「社員を信頼したら騙された」を防ぐ方法

経営の世界には昔から「人と業務を分離する」という考え方があります。
「あの人だからできる」という状態を嫌い、誰がやっても同じ水準のアウトプットを目指してきました。

「個性は不要」と言わんばかりの傲慢な考え方に思えるかもしれませんが、それが求められた時代がありました。
僕が子どもの頃は、製品の品質のバラツキが多く、買って家に帰って箱を開けたらすでに壊れていたという事がありましたからね。
当時の「良い製品」とは、そういうことがない優秀な製品で、それが作れる企業がブランドの冠を手にすることができたのです。
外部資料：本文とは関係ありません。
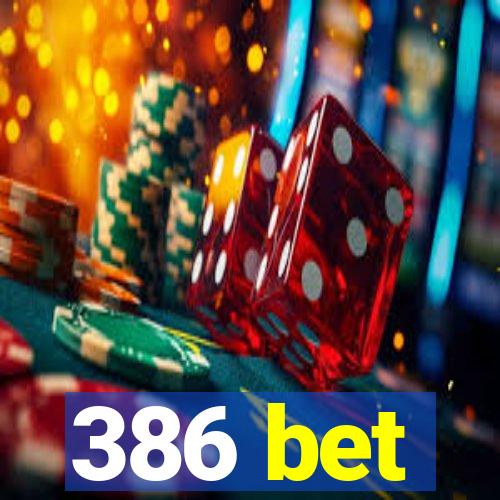 386 bet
僕が高校生の時、世がバブルに浮かれていた時代にファミレスが急成長しましたが、どの店に行っても笑顔で「いらっしゃいませ。◯◯へようこそ」と挨拶する店員さんを見て感動した覚えがあります。
ところが、こうしたサービスに慣れた生活者が増え、あれほど丁寧だと思った接客は、通り一遍と揶揄されるようになり競争力にはならなくなりました。
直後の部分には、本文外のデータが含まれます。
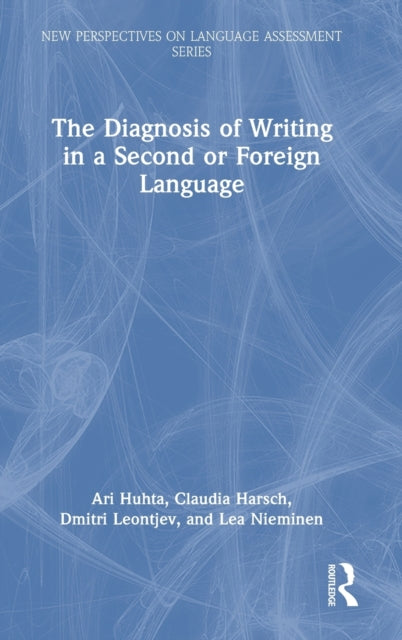 Book cover of: Diagnosis of Writing in a Second or Foreign Language. By: Ari Huhta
そこで、その場と状況に合わせた、オリジナルの「おもてなし」を求める生活者が増え、企業がこぞって学ぶようになりました。

そんな状況下にあり、頭ではそれを求めているが、心では拒否している経営者がいます。
その理由は、人と業務を分離する経営をやめる=人を頼りにする経営になり、権力を維持できなくなる恐れがあるからです。
社員が力を持つことへの拒否感は、時間とともに心の奥底に沈殿し、無自覚のうちに社員の自発性な行動や成長を潰します。

しかし、その恐れは大抵、リーダーが勝手につくり出した疑心暗鬼です。
社員は、権力を経営者から奪おうなどとは思っておらず、仕事を心から愉しみたいだけです。権力争いに発展するのは、互いが疑心暗鬼を持った時で、その第一歩は経営者が社員に疑心暗鬼を向けるところから始まり、やがて疑心暗鬼の応酬に発展するのです。
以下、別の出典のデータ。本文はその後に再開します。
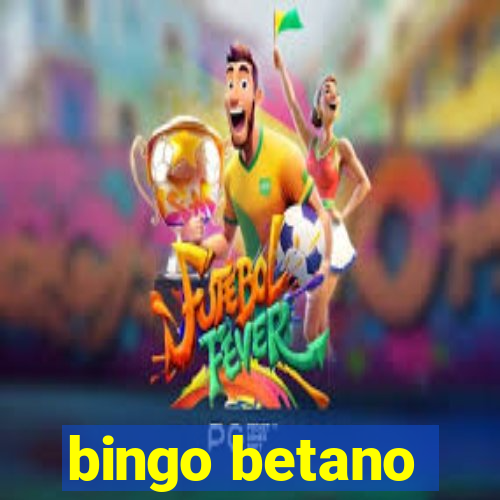 bingo betano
ほとんどの社員は、充実した仕事ができることに誇りと喜びを感じ、経営者に感謝します。
「ほとんどの社員は」ということは、一部の社員は権力闘争を仕掛けてくる可能性があるということで、その対策は必要です。

最も有効な対策は、そういう社員が現れた時に、周りの社員が賛同せずに止めることです。
このことは、学校で起きるイジメの実証実験で明らかになっています。イジメをなくす鍵は、当事者ではなく周りの人間が握っています。傍観者にならずに止める人が20%〜30%いると、集団内にイジメを止める行動が広がり、クラスからイジメがなくなります。

優れた教師は、こうしたメカニズムを子どもたちと共有し、イジメの芽を摘む協力を求めます。
イジメを止めると自分が標的になる可能性もあるため、教師は「絶対に私が守る」と宣言することが欠かせません。

これと同じ構造を職場で作るのです。

周りの社員には止める動機があります。疑心暗鬼の応酬になったら心理的安全性は破壊され、社員は自分の個性を活かした仕事ができなくなるからです。

疑心暗鬼により組織が崩壊した企業を、僕は何社か知っていますが、一度疑心暗鬼の応酬が始まると回復にはものすごい労力と時間がかかります。

人に依存しない経営からの脱却には、こうした危険性があることを、リーダーだけでなく社員も知っておく必要があると考えています。
是非、今日の記事を活用し、理想の組織について対話するキッカケにしていただければ幸いです。